- **Data extract**

== Segment start ==

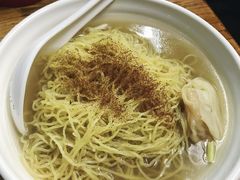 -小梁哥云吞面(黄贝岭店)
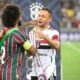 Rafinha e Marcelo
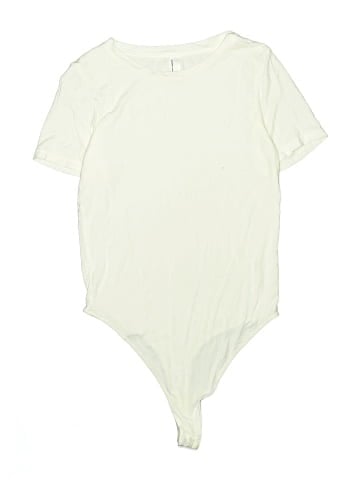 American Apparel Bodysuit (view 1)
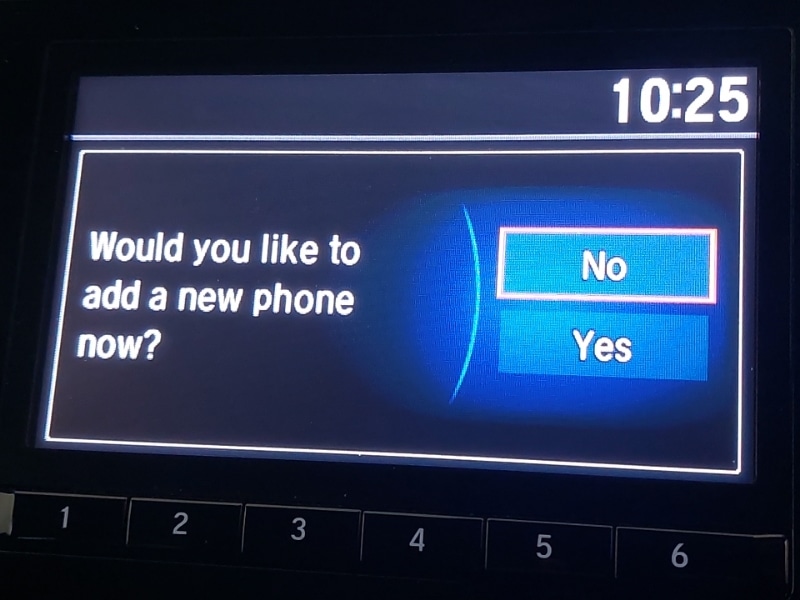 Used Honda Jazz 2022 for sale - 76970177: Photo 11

== Segment end ==

- **Exercise directions**
I would like the material repeated in full and exactly, with its images omitted.

- **Answer section**
 -小梁哥云吞面(黄贝岭店)
 Rafinha e Marcelo
 American Apparel Bodysuit (view 1)
 Used Honda Jazz 2022 for sale - 76970177: Photo 11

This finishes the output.